Le défi de la numérisation
Pour répondre à ces demandes, la numérisation constitue un enjeu essentiel. «Un envoi électronique permet à la fois d’éviter un déplacement aux intéressés, qui viennent parfois de l’étranger, mais aussi d’économiser des manipulations, chacune représentant un risque de dégât», indique Patrice Descombes. Sans compter la sécurité d’en avoir une trace, au cas où une catastrophe telle qu’un incendie ou une inondation surviendrait. Malheureusement, cette tâche, qui implique également un processus minutieux de restauration des spécimens, prend du temps et n’est effectuée que sur le 12% de la collection.
Une priorité a été mise sur les herbiers collectés dans le canton. Au rythme actuel, Patrice Descombes estime qu’il faudra entre cinquante et septante ans pour finaliser la restauration et la numérisation complète de la collection. En attendant, tout ce beau patrimoine reste stocké et soigné comme il se doit, sous l’œil attentif du conservateur en chef. «On ne le dirait peut-être pas comme ça, mais en ouvrant ces boîtes, nous ne sommes jamais à l’abri de trouver des surprises. C’est ce qui rend ce lieu et ce travail d’autant plus passionnants!»
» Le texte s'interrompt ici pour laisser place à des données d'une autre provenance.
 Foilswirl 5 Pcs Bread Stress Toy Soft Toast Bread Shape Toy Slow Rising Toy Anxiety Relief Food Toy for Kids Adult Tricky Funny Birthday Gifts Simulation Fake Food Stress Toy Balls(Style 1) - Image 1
L’herbier peint de Rosalie de Constant
Le Naturéum doit son herbier le plus précieux à une femme: Rosalie de Constant, qui évoluait au sein de l’élite intellectuelle genevoise et vaudoise. À son époque, les sciences, qui la passionnaient, étaient encore l’affaire des hommes. Elle a alors choisi d’exprimer son intérêt pour la botanique par l’art, en peignant un herbier de près de 1300 planches, réalisé entre 1795 et 1832. Rosalie de Constant a annoté au dos de ses œuvres la classification des espèces représentées selon un système précis: celui de Linné, de Jussieu et de Candolle, trois savants de cette période. Les vertus médicinales des spécimens dessinés sont aussi décrites. Un travail complet et remarquable, qui peut se targuer aujourd’hui de réunir l’art et la science en un seul chef-d’œuvre, tout en étant la pièce maîtresse d’une institution scientifique. Une belle revanche!